Ze swojej polisolokaty dostałeś grosze? Na walkę o pieniądze masz 10 lat

Konrad Bagiński
Klientka jednego z ubezpieczycieli zbierała pieniądze na lokacie ubezpieczeniowo-kapitałowej, czyli tzw. polisolokacie. Gdy miała już 13 tysięcy, musiała wybrać swoje pieniądze. Dostała 2,5 tysiąca, większość pieniędzy zjadła opłata likwidacyjna. To nielegalne, roszczenia można zgłaszać nawet 10 lat.
Opłata likwidacyjna zjadła ci polisolokatę? Masz 10 lat na walkę o swoje pieniądze Foto: 123RF
Tak wynika z uchwał Sądu Najwyższego – pisze Bankier.pl.
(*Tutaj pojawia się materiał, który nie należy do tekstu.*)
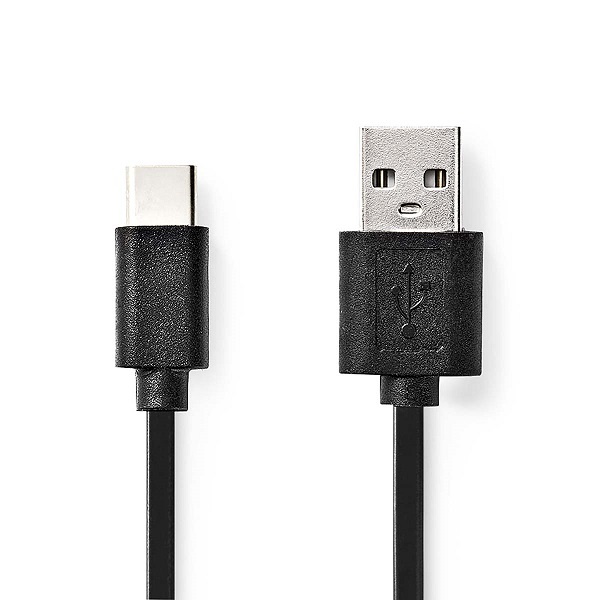 NEDIS kabel USB 2.0/ zástrčka USB-C - zástrčka USB-A/ černý/ bulk/ 3m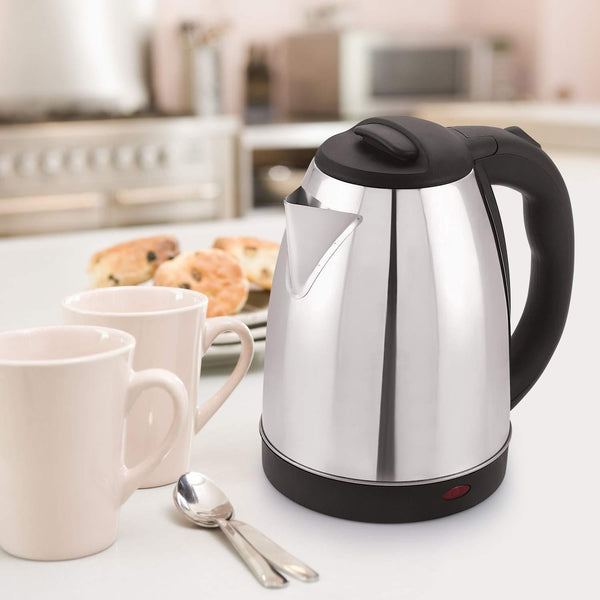 Stainless Steel Electric Kettle with Lid - 2L Capacity, Quick Boiling for Home and Office Use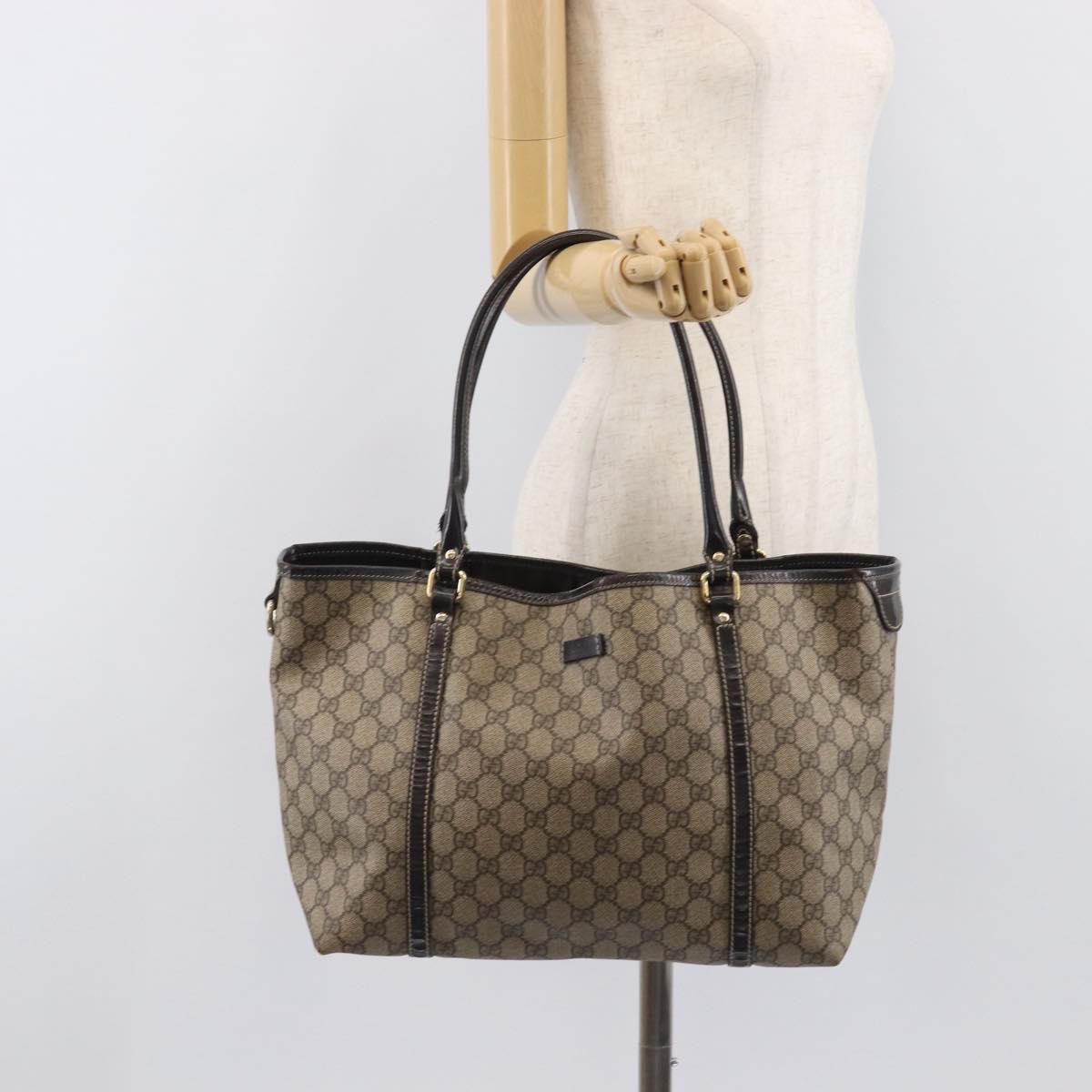 GUCCI GG Supreme Tote Bag PVC Beige Gold 197953 Auth 201705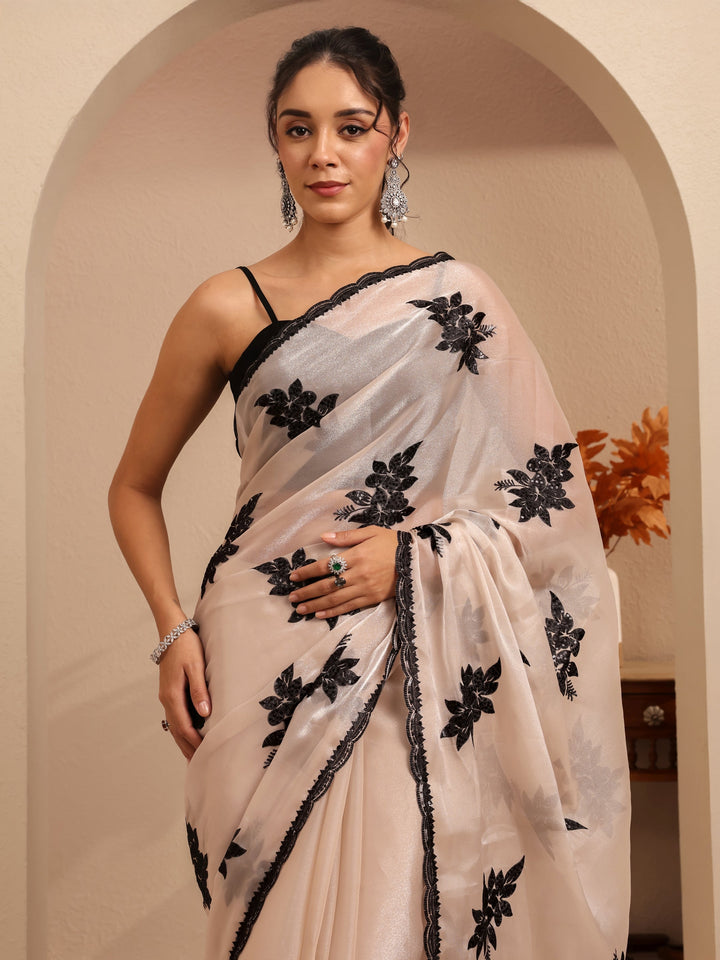 Libas Cream Floral Embroidered Organza Saree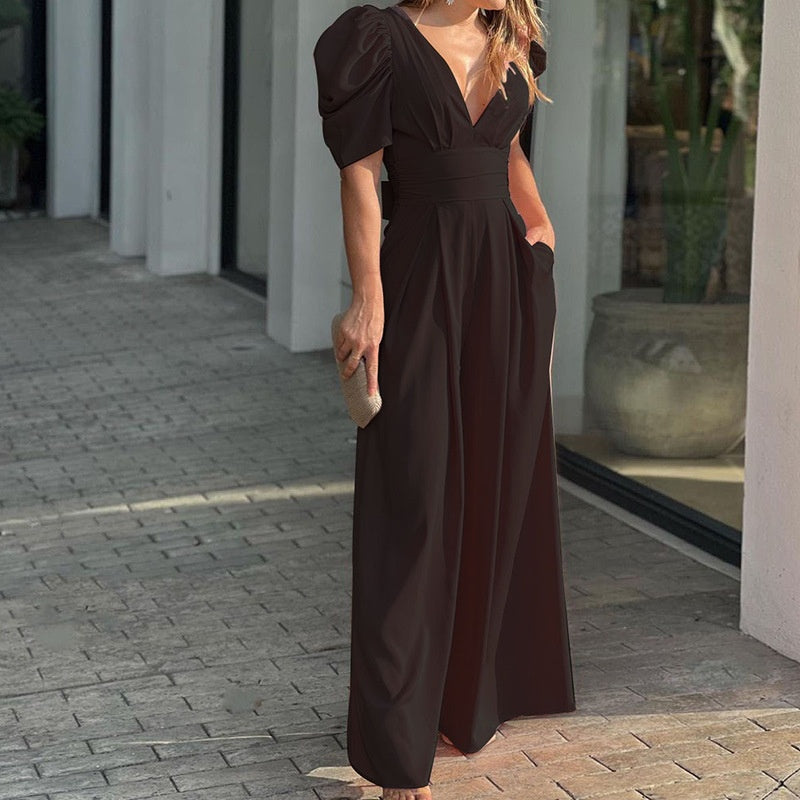 👗 PROMO LIMITÉE -50% ! ✨ Combinaison Femme Col V Profond Jambes Larges – Taille Haute Affinante, Polyester Doux Respirant · 5 Couleurs · S–3XL · Soirée & Quotidien 💃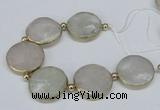 CNG2471 7.5 inches 30mm faceted coin quartz gemstone beads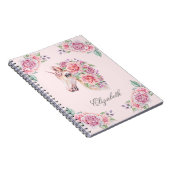 名前をカスタムする素朴水彩フローラユニコーンガールズ ノートブック (右側)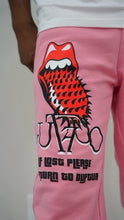 Load image into Gallery viewer, &quot;SOUL SNATCHER&quot; BAGGY GRAPHIC SWEATS (PINK W/ MULTI)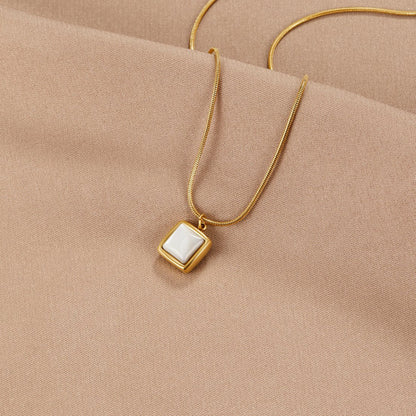Riva Moonstone-Effect Drop Necklace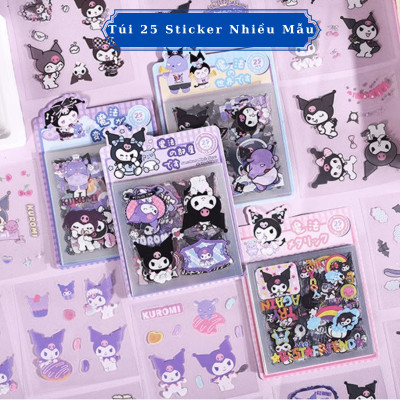 Túi 25 Tờ Sticker Sanrio, Gấu Dâu, Cinnamoroll, Thỏ Tai Hồng (Đã Cắt Sẵn) 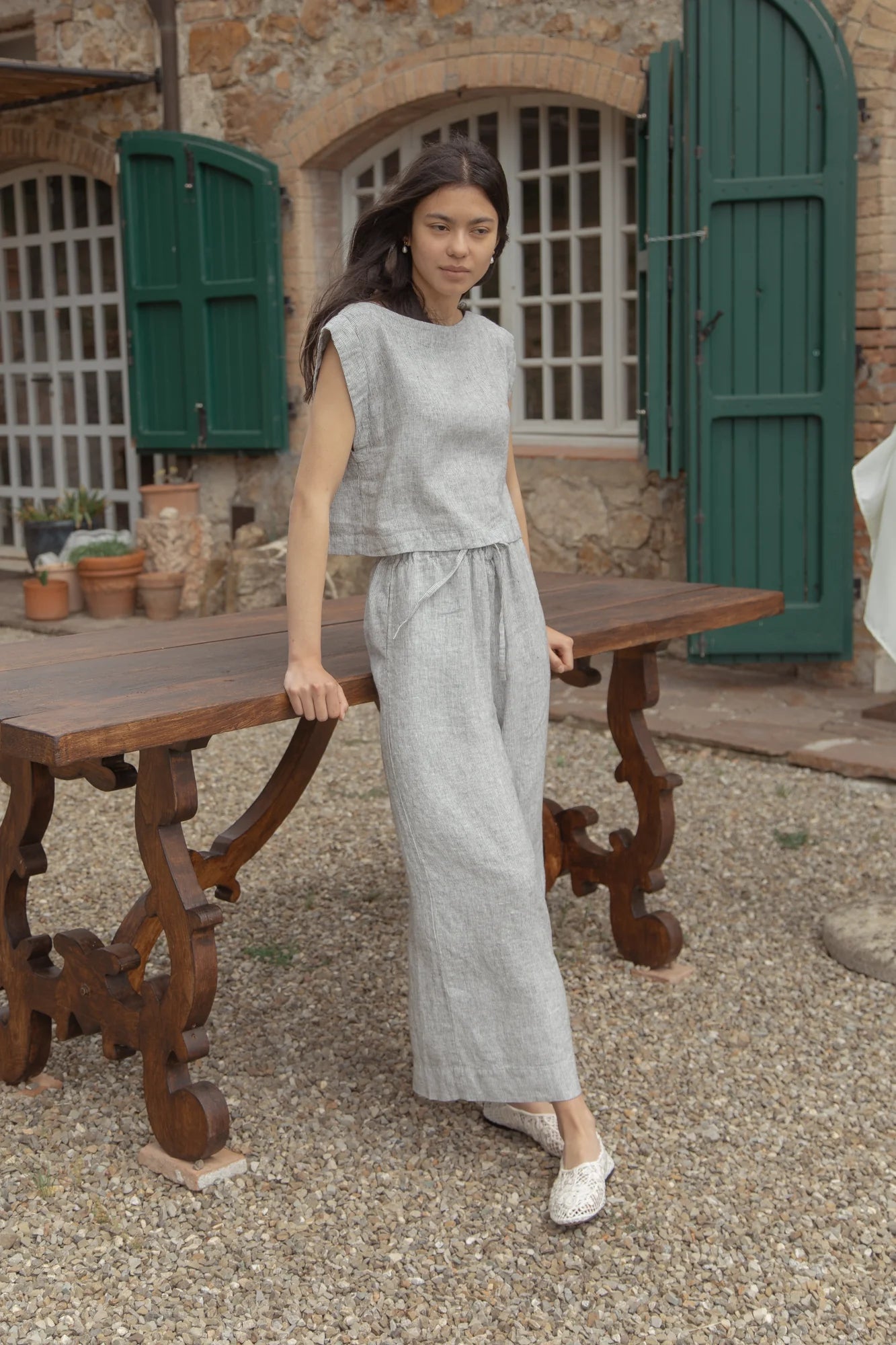 Ines Pant - Charcoal Stripe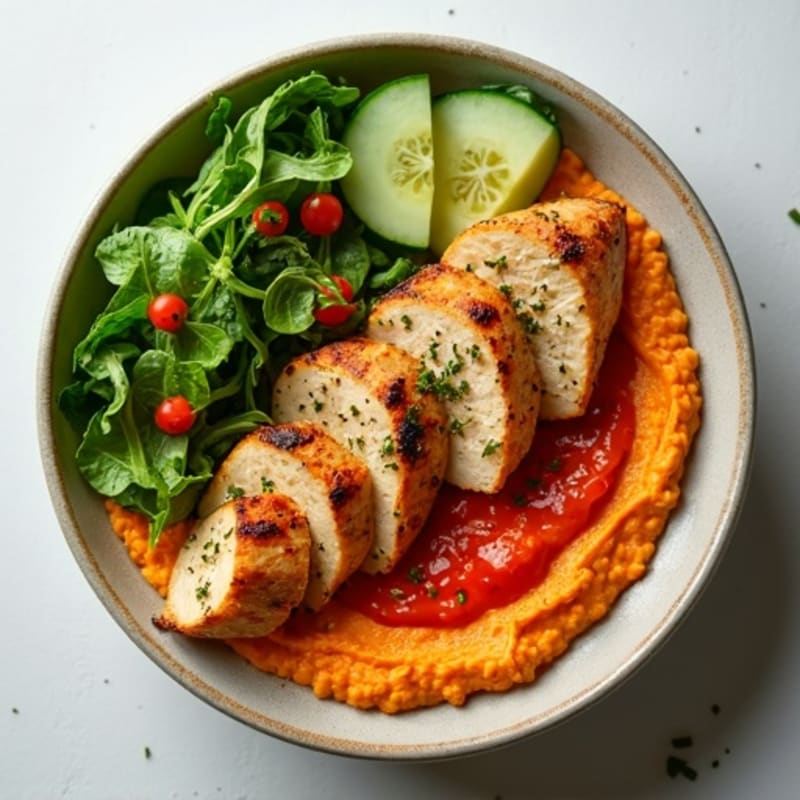 Creamy Roasted Red Pepper Hummus Bowl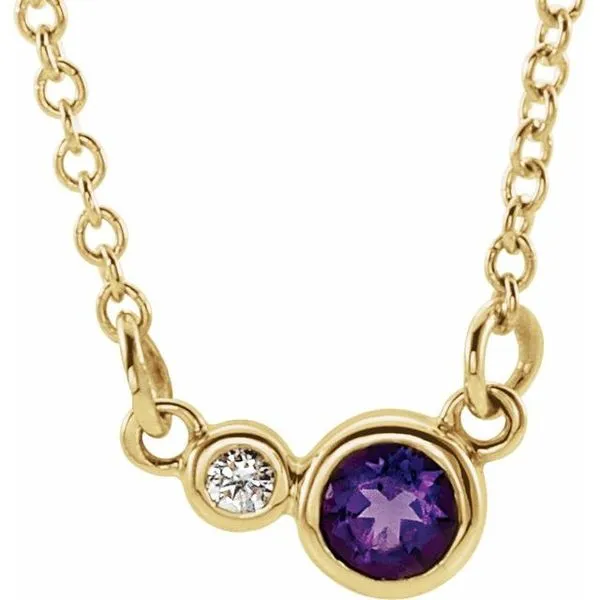 Accented Bezel-Set Necklace Linwood Custom Jewelers Linwood, NJ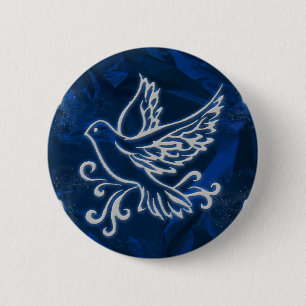 Dove on Blue Foil Ronde Button 5,7 Cm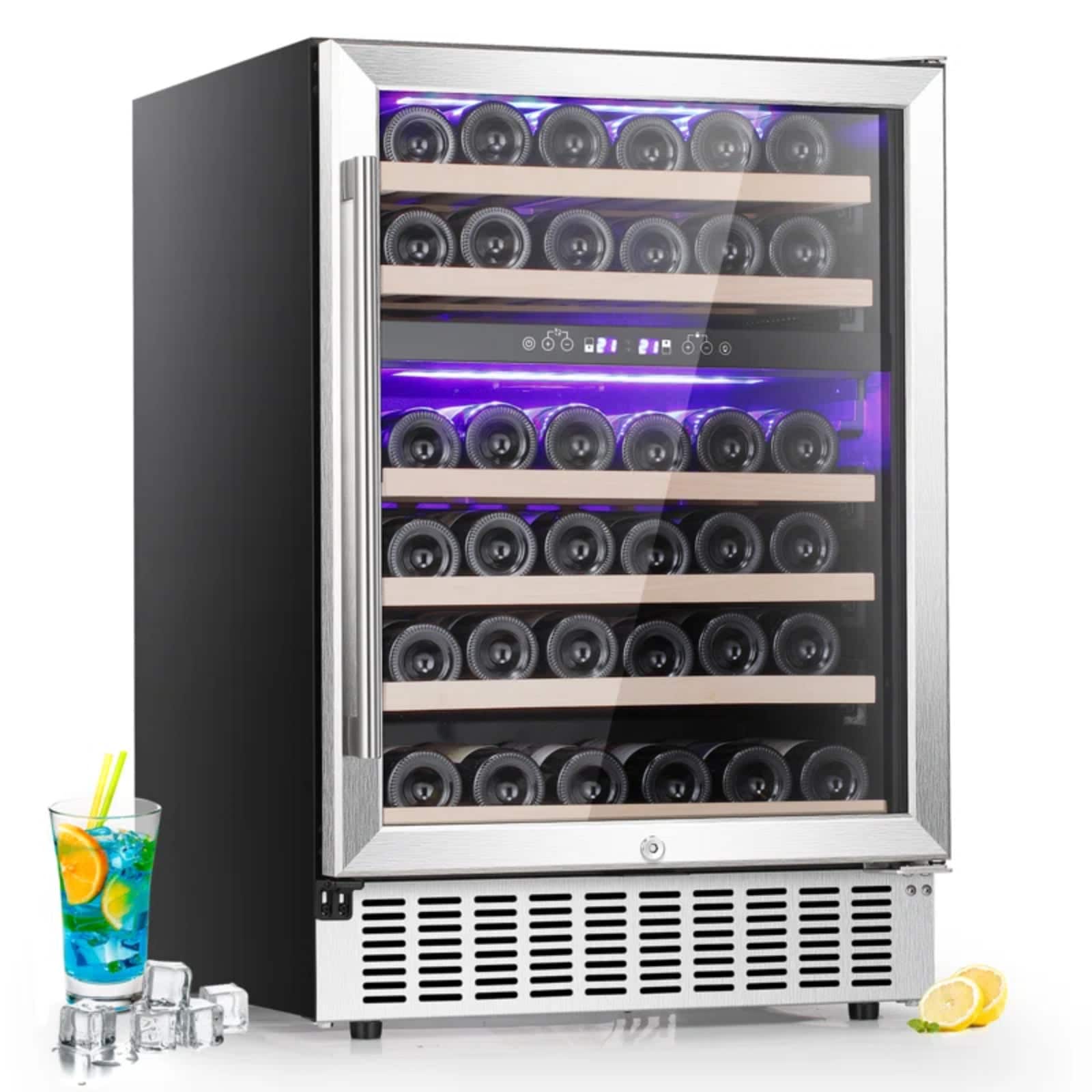 COWSAR - 23.43-in W 46 -Bottles Stainless Steel Dual Zone Cooling Built-in/Freestanding Indoor Wi...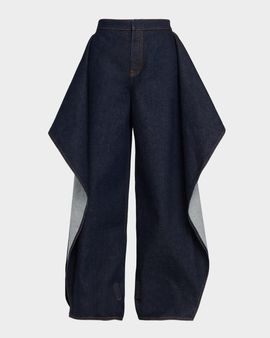 ALAIA Ruffle Flap Wide-Leg Denim Pants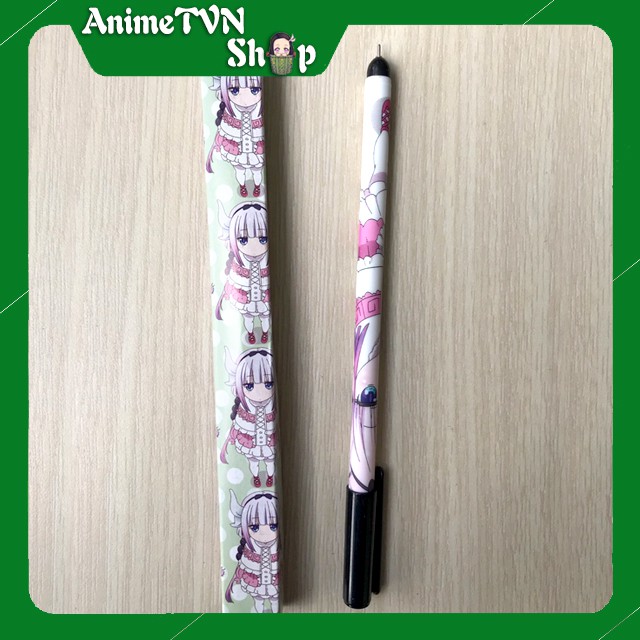Bút Viết cao cấp Anime Kobayashi-san (Kanna) - Dạ bi mực đen kèm hộp in hình thân bút và hộp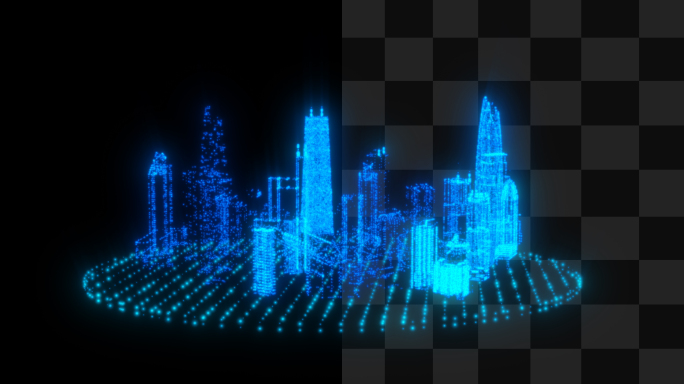 科技虚拟城市（透明通道_循环）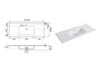 Mobile Bagno 120cm Sospeso Con Quattro Cassetti Lavabo Doppia Vasca Specchio E Doppia Lampada - Mobile Bagno TFT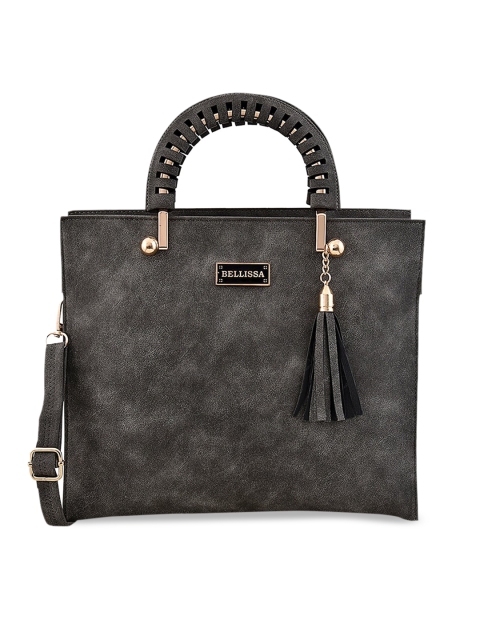 

Bellissa Grey Solid Multi Compartment Spacious Handheld Bag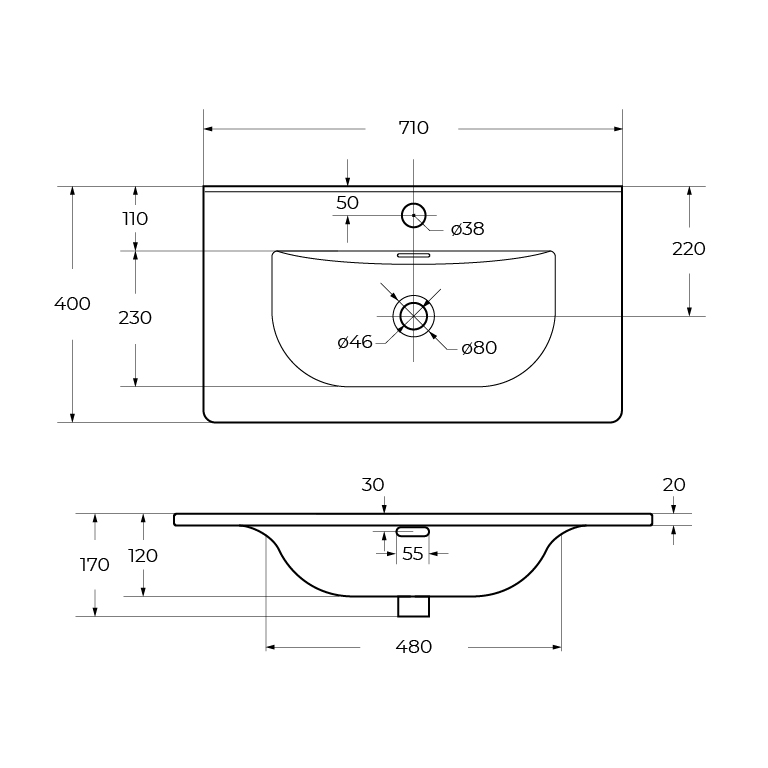 Умывальник BelBagno BB-8099-3-70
To ważne, bo na podobnych zasadach działa wiele ubezpieczeniowych funduszy kapitałowych.

Sąd orzekł, że osoby, które poniosły straty z powodu tzw. opłaty likwidacyjnej, mają nawet dekadę na zgłoszenie roszczeń do ubezpieczyciela.

Ze stanowiska SN wynika, że w przypadku umów rozwiązanych przed 9 lipca 2018 r., roszczenia związane z opłatami likwidacyjnymi przedawniają się po 10 latach.

Rzecznik Finansowy, Aleksandra Wiktorow podkreśla, że to dobra wiadomość dla osób, które znalazły się w podobnej sytuacji w ciągu kilku ostatnich lat, ale do tej pory nie zgłosiły roszczeń do ubezpieczyciela.


Trzeba jednak pamiętać, że osoby, które zawrą taką umowę obecnie, będą miały jedynie 6 lat na dochodzenie swoich praw.

Czasem jednak warto iść z towarzystwem na ugodę, bo w niektórych przypadkach można stracić jeszcze więcej.